One of the most instructive examples available today is the Tantita Security Services model championed by High Chief Government Ekpemupolo, popularly known as Tompolo. While the Niger Delta presents a unique environment, the underlying principles of the model offer valuable lessons for tackling insecurity nationwide.
Tantita succeeded because it recognised a fundamental truth: local problems require local knowledge. The organisation leveraged community networks, indigenous intelligence, stakeholder engagement, and grassroots ownership to significantly disrupt crude oil theft operations in the Niger Delta. Former militants, community leaders, youths, traditional institutions, security agencies, and government authorities became part of a coordinated ecosystem rather than isolated actors.
The lesson is simple but profound.
Communities often know who the criminals are, where they operate, how they move, and who sponsors them. What is frequently missing is trust, coordination, protection, and incentives for cooperation.
Imagine a Nigerian security architecture that adapts this principle nationally.

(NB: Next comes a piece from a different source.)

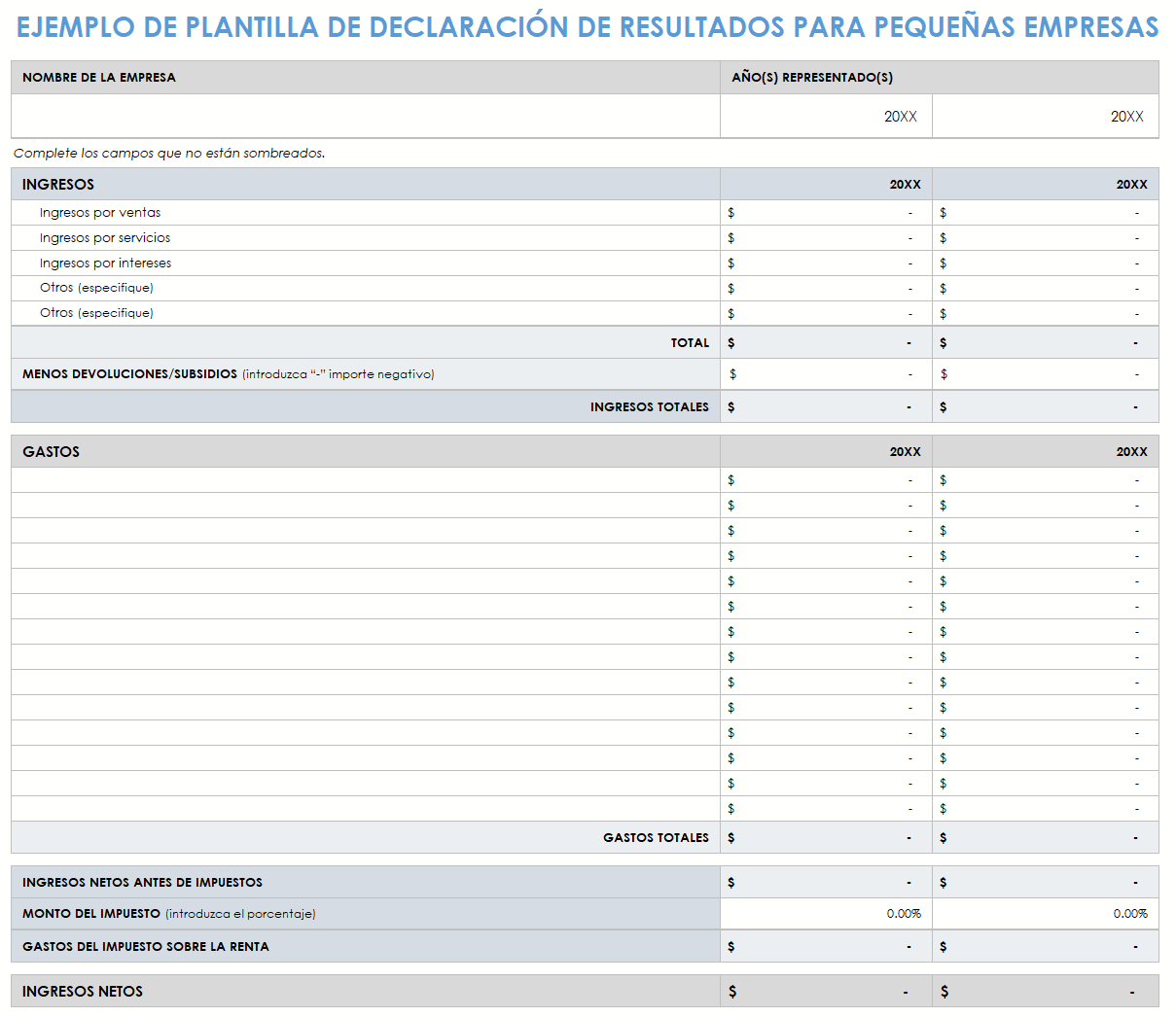 Ejemplo de declaración de ingresos de pequeñas empresas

Retired generals should become bridges between the military, government, and local communities. Their role should not be to command troops or interfere with constitutional structures. Rather, they should serve as strategic coordinators, advisers, mentors, and confidence-builders.
Across the six geopolitical zones, respected retired generals could chair regional security coordination councils involving serving military commanders, police leadership, intelligence agencies, governors, traditional rulers, religious leaders, and civil society actors. Their experience would help break down bureaucratic rivalries that often undermine intelligence sharing and operational effectiveness.

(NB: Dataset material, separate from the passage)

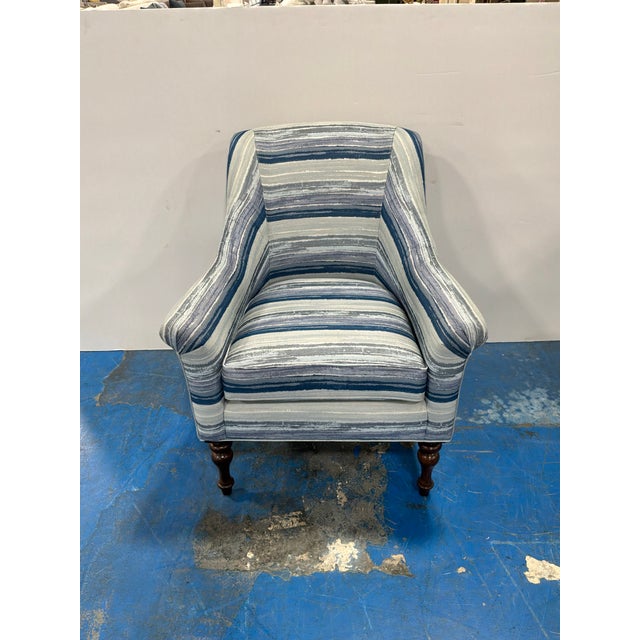Blue Stripe Chairs With Turned Legs - Pair. For Sale - Image 4 of 8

A retired general from Borno, for example, may possess relationships and institutional memory that help facilitate engagement with community leaders in the North-East. A retired officer from Zamfara may understand the local dynamics of banditry and rural criminal networks. Similar opportunities exist across the South-East, South-South, South-West, and North-Central.

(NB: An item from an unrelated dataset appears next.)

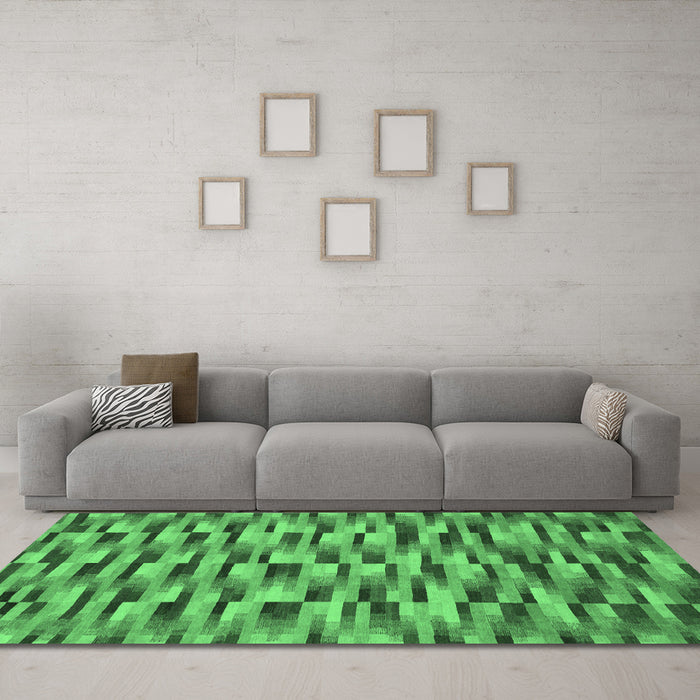Machine Washable Abstract Emerald Green Modern Area Rugs in a Living Room,, wshabs1452emgrn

Serving generals, on the other hand, must remain focused on what they are trained to do best: fighting, training, protecting, and leading troops.
Their operational authority should be strengthened through greater decentralisation of command. Theatre commanders and field officers often understand realities on the ground better than distant bureaucracies. Faster decision-making, improved welfare for troops, modern surveillance technologies, enhanced intelligence gathering, and stronger civil-military cooperation can significantly improve operational outcomes.
Equally important is the need for mentorship. Nigeria’s most experienced commanders should systematically transfer knowledge to younger officers confronting asymmetric warfare. The enemies of today are not conventional armies. They are fluid, adaptive, networked, and often embedded within civilian populations. Such threats require specialised counter-insurgency expertise.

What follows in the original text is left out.